10:09 AM, 31st December 2015
About 3 years ago

Everybody needs to copy and paste the content of this article into a letter (suitably referenced to the Property118 page it came from at the bottom) and send it to their MP and the Treasury. This is a very important "I told you so" that they all need to see. It also needs to be sent to every member of the October Finance Bill committee, and every possible media outlet each member has access to.

Gary Dully

10:15 AM, 31st December 2015
About 3 years ago

The interesting figure is the 52% who won't be raising rents in 2016, perhaps spareroom.co.uk would do their users a better service if they warned their advertisers of the tax consequences of 'Clause 24', which is about to hit their professional landlord advertisers vs the actual owner occupiers that also use their service.

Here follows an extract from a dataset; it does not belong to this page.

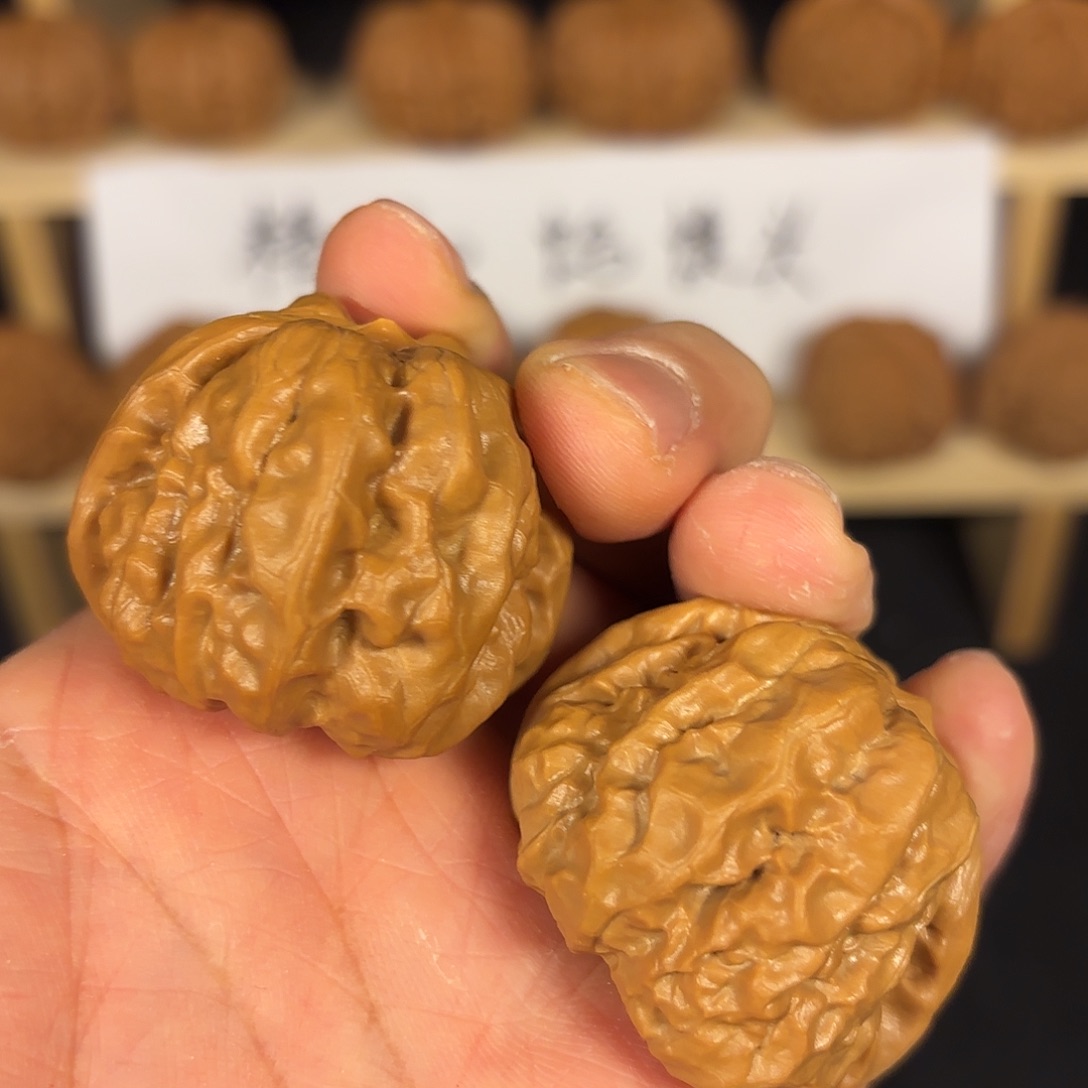 文玩核桃吊坠蛤蟆头40尺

They normally send me a Christmas card, but I didn't get one this year, they must be busy doing surveys or something. Lol

Gareth Wilson

10:39 AM, 31st December 2015
About 3 years ago

Reply to the comment left by "Gary Dully" at "31/12/2015 - 10:15":

Yes I believe you've hit the nail on the head. The 52% are those without a clue as to what's coming down the tracks

Gareth Wilson

10:42 AM, 31st December 2015
About 3 years ago

Reply to the comment left by "Gareth Wilson" at "31/12/2015 - 10:09":

Everyone's local council leader and mayor should receive this too, with the quote from Matt Hutchinson highlighted in bold as well.

matchmade

11:34 AM, 31st December 2015
About 3 years ago

Reply to the comment left by "Gareth Wilson" at "31/12/2015 - 10:39":

Or they could be landlords who aren't affected by the changes because they have small or no mortgages, or they own their properties via a limited company.

Or they may have low incomes themselves, so they're not facing any increase in income tax.

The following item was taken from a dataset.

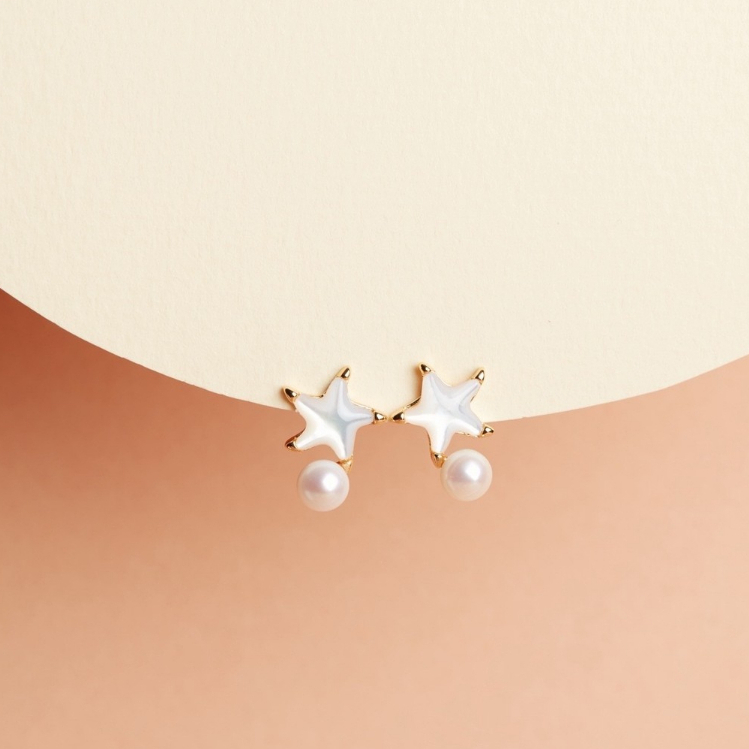 Vetiver.pearl Star Mother of pearl and freshwater pearl earrings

Or they are spreading their rental income between several family members on basic-rate incomes, so none of them is taken into the higher-rate tax bracket.

Or they may have decided to absorb the increased tax rather than penalise their tenants, saving any rent increase until a tenant leaves and they have time to assess the impact of the changes on the local market. It's quite possible these landlords have assessed that most local tenants simply cannot afford to pay extra rent, in which case the landlord is going to have to take Clause 24 on the chin, or seek ways round it, such as the methods outlined above.

Barry Fitzpatrick

11:47 AM, 31st December 2015
About 3 years ago

Reply to the comment left by "Tony Atkins" at "31/12/2015 - 11:34":

Does the scope of those surveyed include/exclude people who take in lodgers? and pay no tax on the first £4,250 of income (rising to £7,500)

Gary Dully

13:40 PM, 31st December 2015
About 3 years ago

Reply to the comment left by "Tony Atkins" at "31/12/2015 - 11:34":

I don't have that many chins Tony.

My competitors on spareroom.co.uk will be watching each other a lot more closely I think.